Re: [bug-gawk] v4.1.3 (run on OSX 10.11.3): potential gsub() bug

Wolfgang,

I fully agree that implementing something like \x{…} (i.e., supporting a variable number of hex. digits) so you can express the full range of Unicode codepoints is the right thing to do.

It would avoid all the problems you state.

As long as we don't have that, you're stuck with the workaround, which is - as workarounds often are - suboptimal, for the reasons you state.

However, as is inherent to workarounds, they offer the only way to get the job done in the absence of proper support.

What we can hopefully agree on is this:

Gawk shouldn't crash with something like gawk '{ gsub(/[\x80-\xFF]/, ""); print }' <<<'hätă' (it sounds like this may have been fixed in the current codebase already)
In a UTF-8 locale, \xhh escapes should be matched against the Unicode codepoints, not byte values.
The limitation of \xhh escapes only being capable of matching characters in the range 0x0 - 0xff should be documented.

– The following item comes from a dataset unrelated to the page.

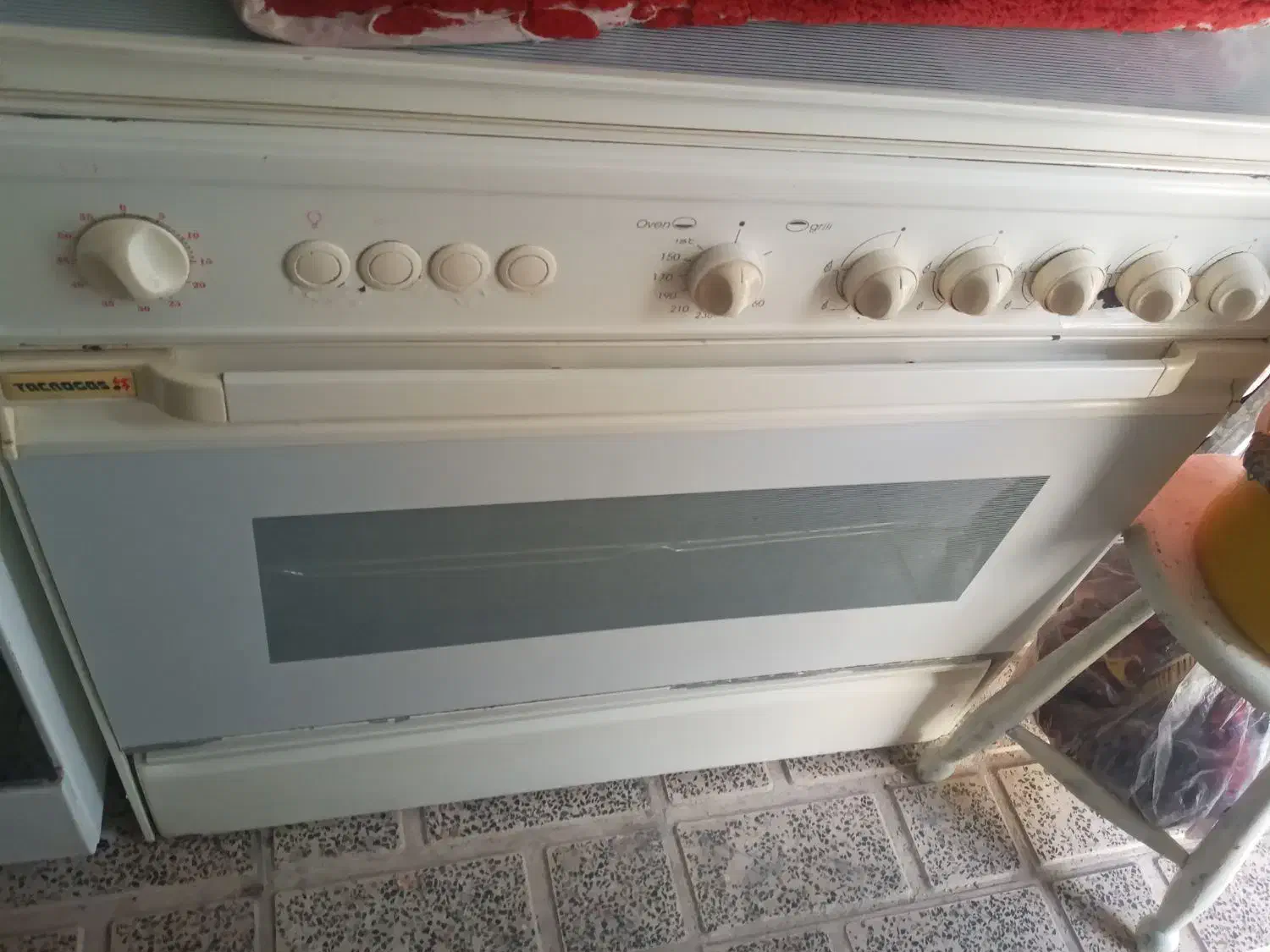 گاز فر دار سالم وتمیز است|اجاق گاز و لوازم برقی پختوپز|کوهدشت, |دیوار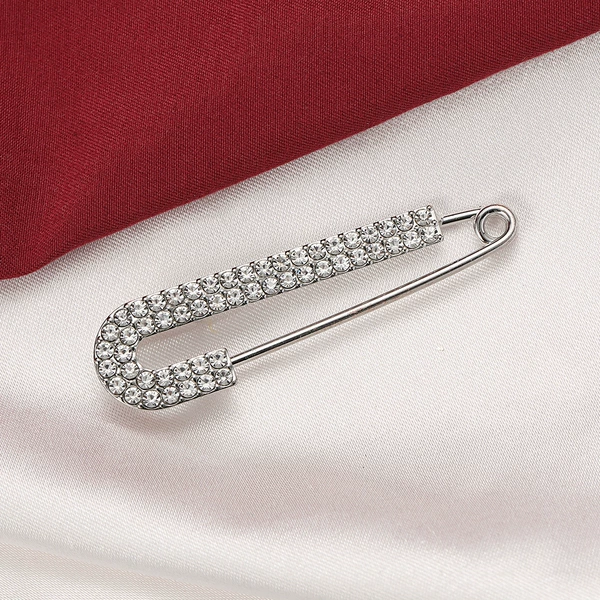 Silver pin, 7cm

Personally, I would also want the documentation to at least tell me that using actual Unicode characters is a potential workaround, if one's environment supports it.

Best,

Michael

On Feb 7, 2016, at 11:14 AM, Wolfgang Laun <address@hidden> wrote:

On 7 February 2016 at 16:54, Michael Klement <address@hidden> wrote:

Generally, it sounds like the right thing to do is:

in a UTF-8 locale, *always* deal with *characters* (Unicode codepoints), not bytes
specifically, when encountering \xhh, compare it to the *Unicode codepoint* of the character at hand

Always dealing with characters makes sense to me, especially given that you can mix Unicode characters and \xhh escapes in a single bracket _expression_.

Thus, given that \xff is the max. codepoint value that can currently be expressed, which doesn't allow matching the full range of Unicode characters, I suggest the following:
At https://www.gnu.org/software/gawk/manual/html_node/Bracket-Expressions.html#Bracket-Expressions:
document this limitation
recommend the workaround of using actual characters rather than codepoint escapes as the range endpoints.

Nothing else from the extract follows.